Employment, voluntary work, research and eco activities
Tourists are not allowed to undertake voluntary (including human rights) work, or activity, or any form of paid employment. If you wish to carry out this type of work, you must get the correct visa from the Mexican Embassy before you travel.
You may need a visa to undertake certain adventure or eco-tourism activities like caving, potholing or entomology, especially if they involve any scientific or technological research. The Mexican authorities may define scientific or technological research activities far more broadly than other countries. If you’re in any doubt, check with the Mexican Embassy in London well in advance of your visit and ask for written confirmation if necessary.
It is no longer possible to switch immigration status in-country. You can’t enter Mexico on a tourist visa and then change it for a work visa. You must apply at the Mexican Consulate of your normal place of residence in plenty of time before you are due to travel.
Proof of accommodation and onward travel
Immigration officials at the port of entry may ask to see proof of your departure plans from Mexico before allowing you entry to the country. They can also ask to see proof of your booked accommodation, as well as funds to cover your intended stay while in Mexico.
If you have been invited to stay in someone’s home, immigration officials may also ask for a “letter of invitation” from the person you are visiting. This should include as much information as possible, including the host and traveller’s full names and contact details, address while in Mexico and reason for visit.
Your passport should be valid for the proposed duration of your stay in Mexico.
Customs and border control
You must fill in an online form prior to travelling to Mexico if you have any goods to declare. If you do not declare goods, these may be seized and you may be fined. For information on restricted goods and how to declare goods, you should read the guidance from the Mexican government
Travelling with children
The Mexican authorities have suspended the rules which came into effect in May 2011 requiring children under 18 years of age travelling alone, or accompanied by an adult who is not the parent or legal guardian, to apply for a special permit to leave the country. These rules now only apply to Mexican nationals or foreigners with dual Mexican nationality. The accompanying adult may, however, be asked to provide evidence of his or her relationship with the child.

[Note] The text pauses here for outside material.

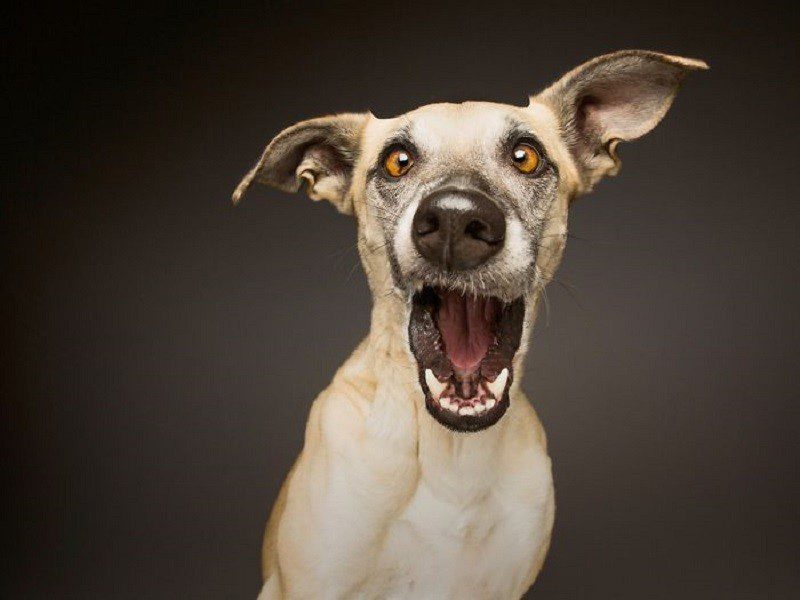 Experience has shown: dogs change facial expressions to communicate with humans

Although there is currently no specific requirement for authorisation by an absent parent, single parents who are not, or who appear not to be, the child’s parent (eg if they have a different family name) may be asked to show evidence of their relationship with the child and the reason why they are travelling with the child. This evidence could include a birth or adoption certificate, divorce or marriage certificates, or a Parental Responsibility Order.
Travelling to Mexico via the US
If you’re travelling to Mexico via the US, even if you’re only transiting, check the US entry requirements with the US Embassy in London. If you don’t have the correct authorisation you will not be allowed to travel to or transit through the US.
Further information can be found on travel advice for the USA.
You may need to pay a departure tax when leaving Mexico by air or land. The cost can vary and some airports or border crossings only accept payment in cash. Most airlines include the cost within the ticket price. If in doubt, check with your airline or tour operator.
Importing meat or dairy products
You can’t bring meat or dairy products into Mexico from the EU.
UK Emergency Travel Documents
UK Emergency Travel Documents (ETDs) should be valid for a minimum period of 6 months from the date of entry into Mexico and are accepted for entry, airside transit and exit from Mexico.